• **Source material**:
---

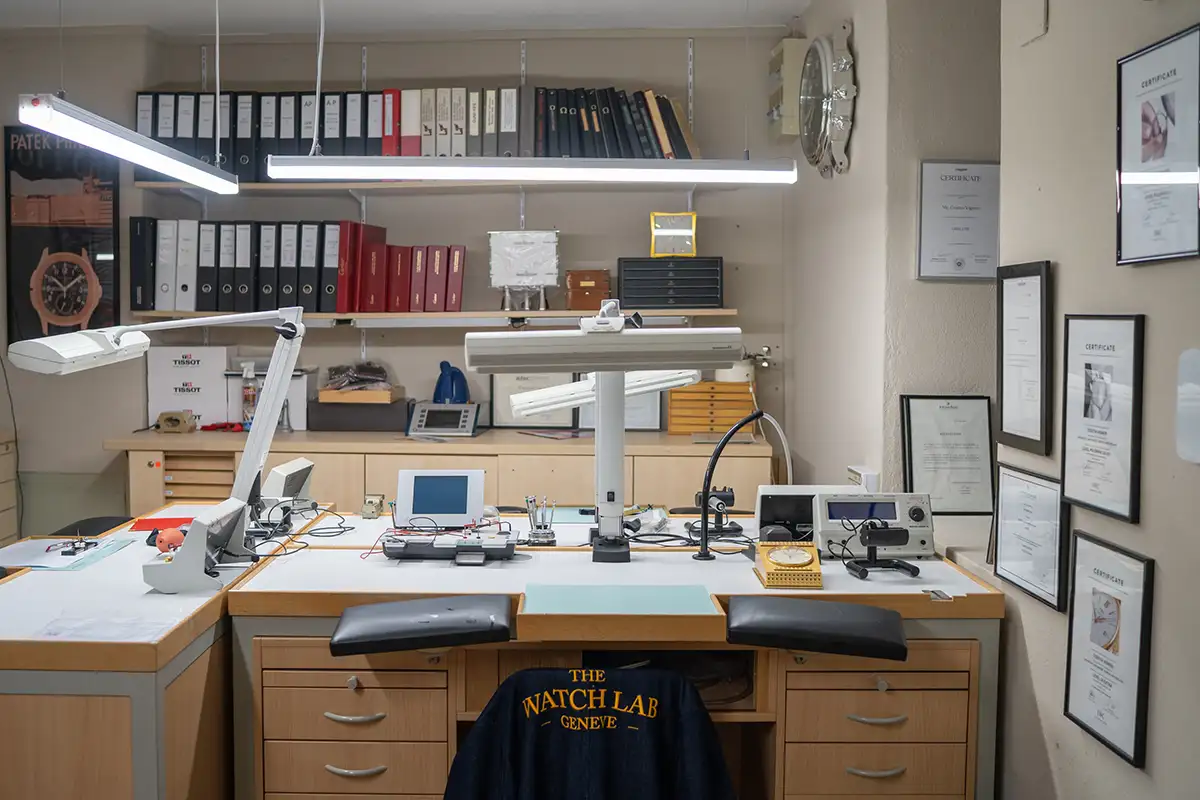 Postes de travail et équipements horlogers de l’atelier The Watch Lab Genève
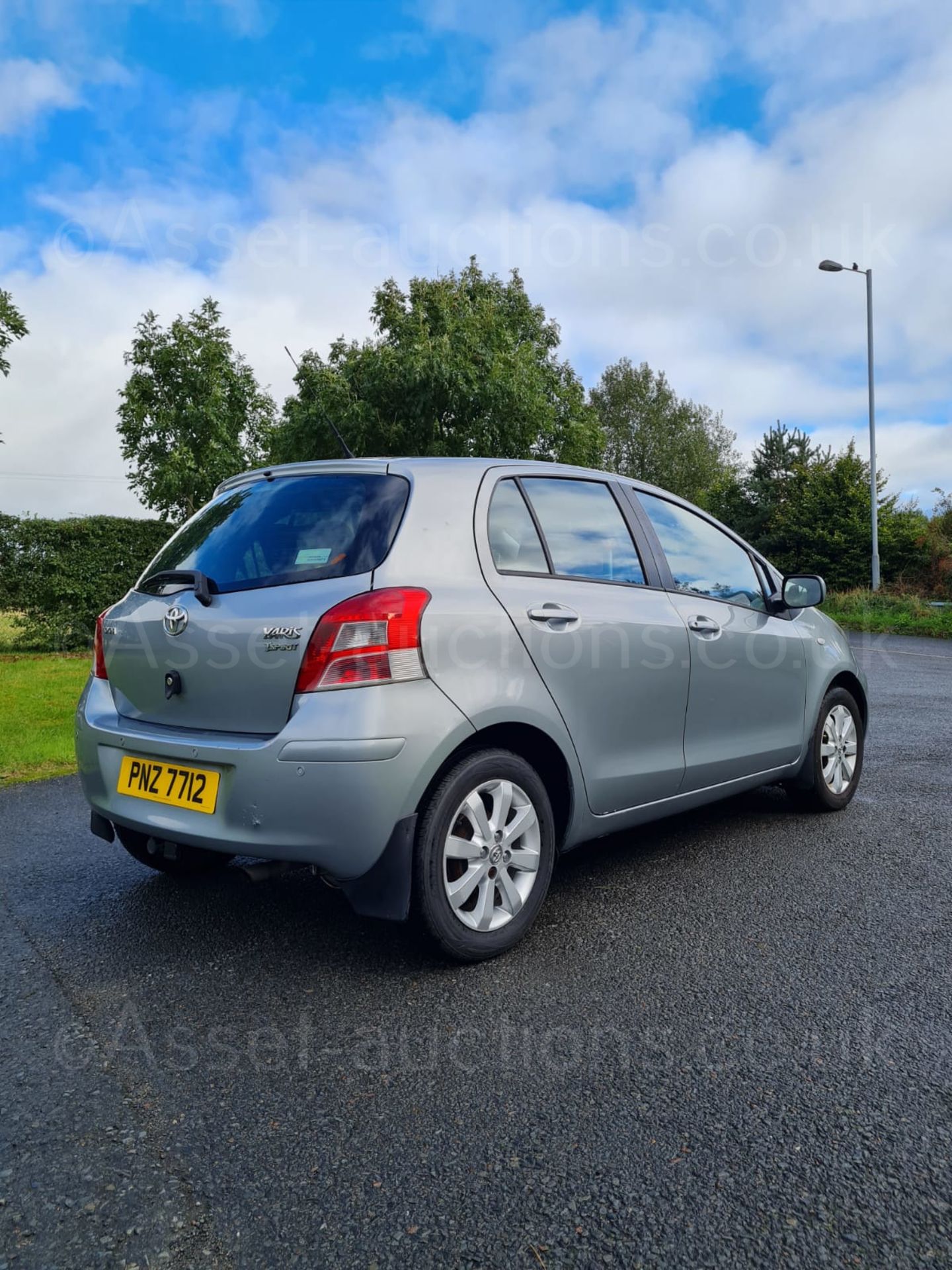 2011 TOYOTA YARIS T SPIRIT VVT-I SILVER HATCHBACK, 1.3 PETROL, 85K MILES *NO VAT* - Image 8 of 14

---

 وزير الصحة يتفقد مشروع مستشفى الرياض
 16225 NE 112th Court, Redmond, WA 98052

---

• **Exercise requirements**:
Only one stretch of the records above is wanted: the lines between the one holding "وزير الصحة يتفقد مشروع مستشفى الرياض" and the one holding "16225 NE 112th Court, Redmond, WA 98052", inclusive, reproduced exactly.

• **Answer to this problem**:
 وزير الصحة يتفقد مشروع مستشفى الرياض
 16225 NE 112th Court, Redmond, WA 98052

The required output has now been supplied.